• The problem: Look through the data below for the line with "Пропал кот Тоффи, мкр Северный" and the line with "블러드 다이아몬드(Blood Diamond, 2007)", then transcribe exactly from the first through the second, leaving out all pictures.

***** Records for the exercise *****

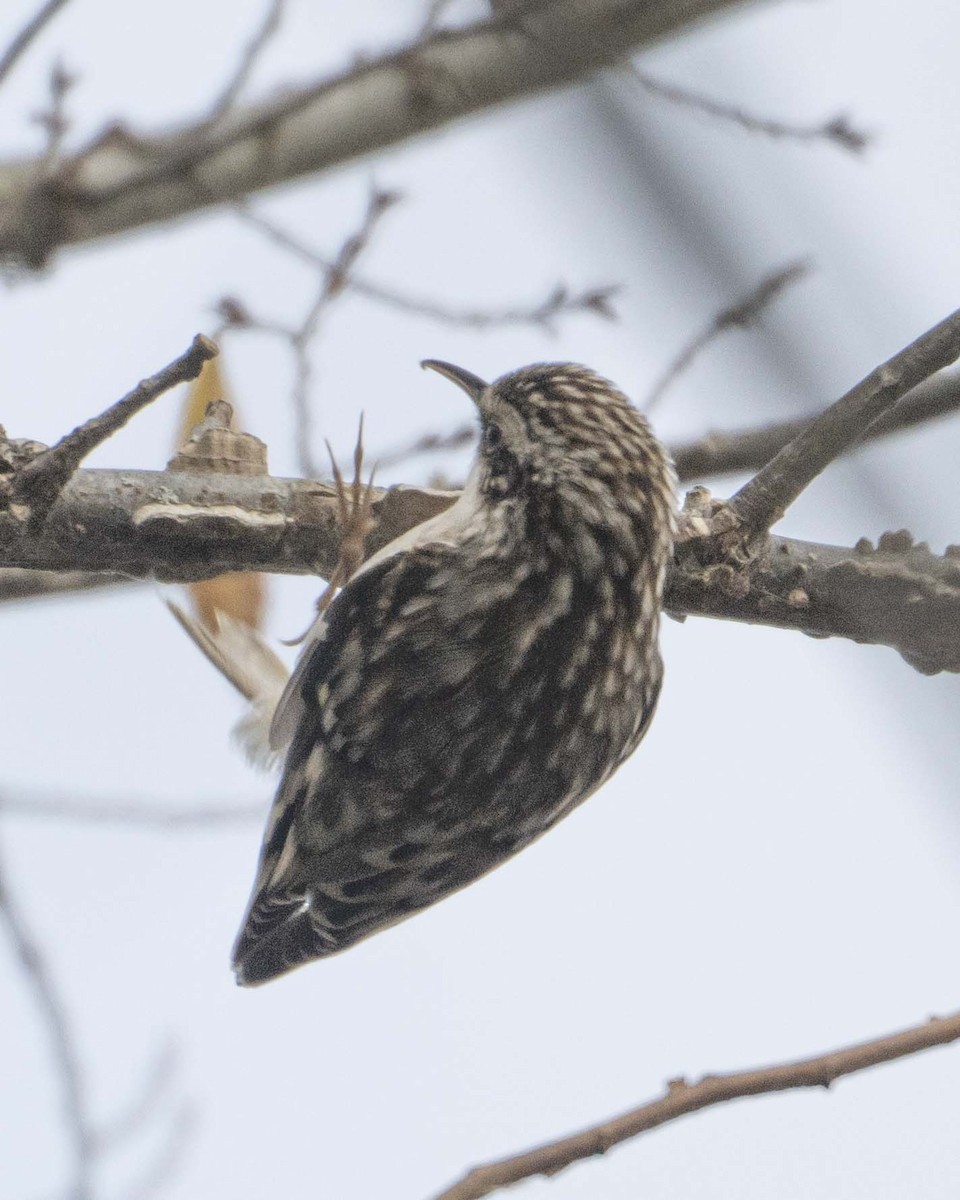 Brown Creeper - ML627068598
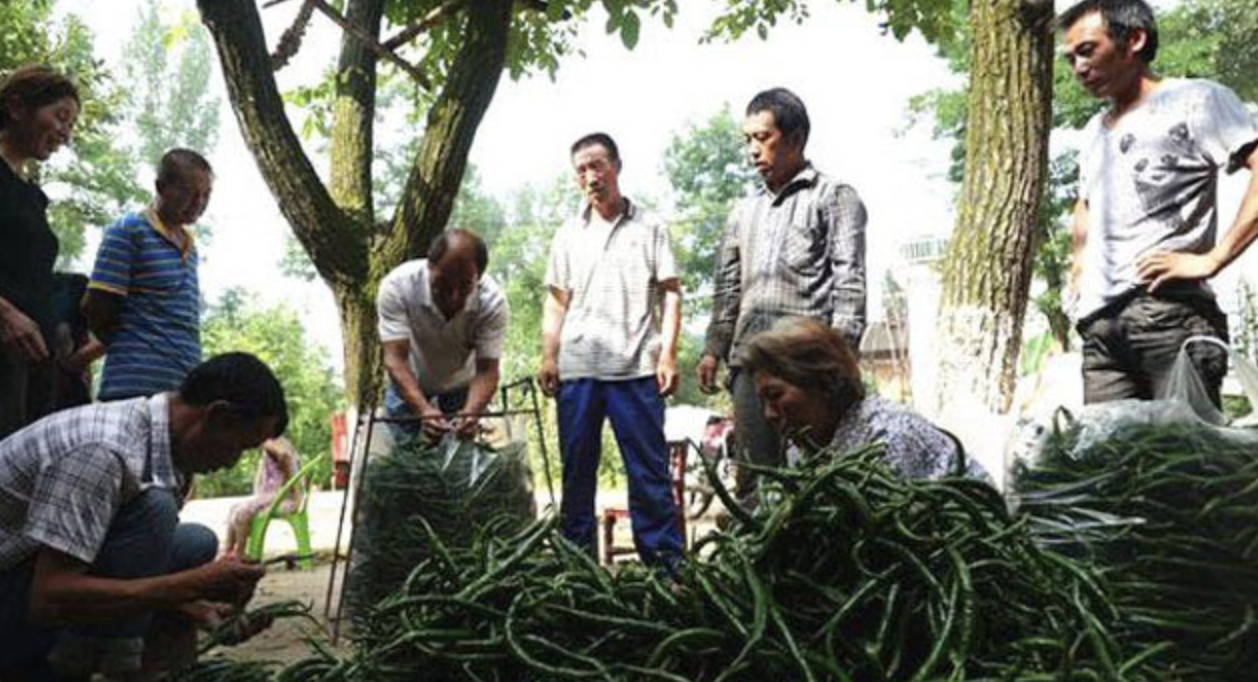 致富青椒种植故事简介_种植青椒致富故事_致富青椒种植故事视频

*****
***** Records for the exercise *****

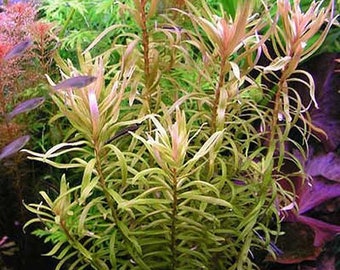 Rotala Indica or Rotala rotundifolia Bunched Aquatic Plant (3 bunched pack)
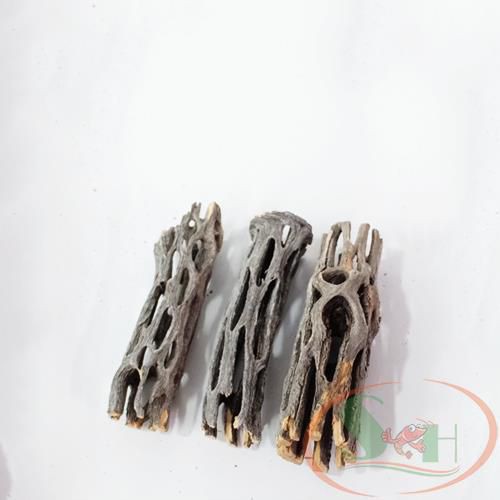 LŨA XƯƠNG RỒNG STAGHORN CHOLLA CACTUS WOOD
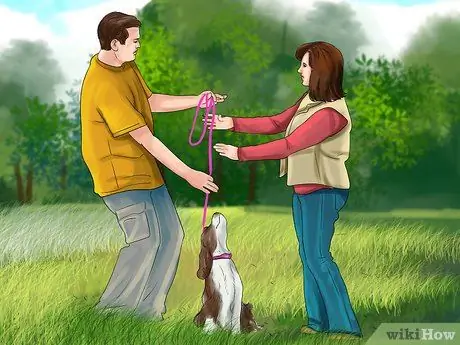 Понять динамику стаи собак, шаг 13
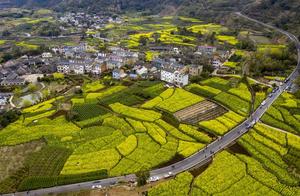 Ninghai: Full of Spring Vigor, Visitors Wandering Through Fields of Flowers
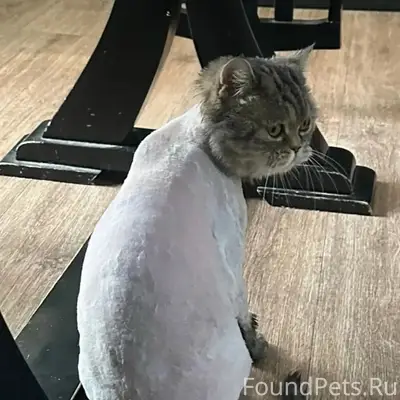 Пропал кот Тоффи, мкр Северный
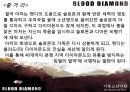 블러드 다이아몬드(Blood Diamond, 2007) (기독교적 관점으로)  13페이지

*****
***** Records for the exercise *****

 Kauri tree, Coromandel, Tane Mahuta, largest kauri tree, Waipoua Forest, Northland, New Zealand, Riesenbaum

*****

• Answer to the problem:
 Пропал кот Тоффи, мкр Северный
 블러드 다이아몬드(Blood Diamond, 2007) (기독교적 관점으로)  13페이지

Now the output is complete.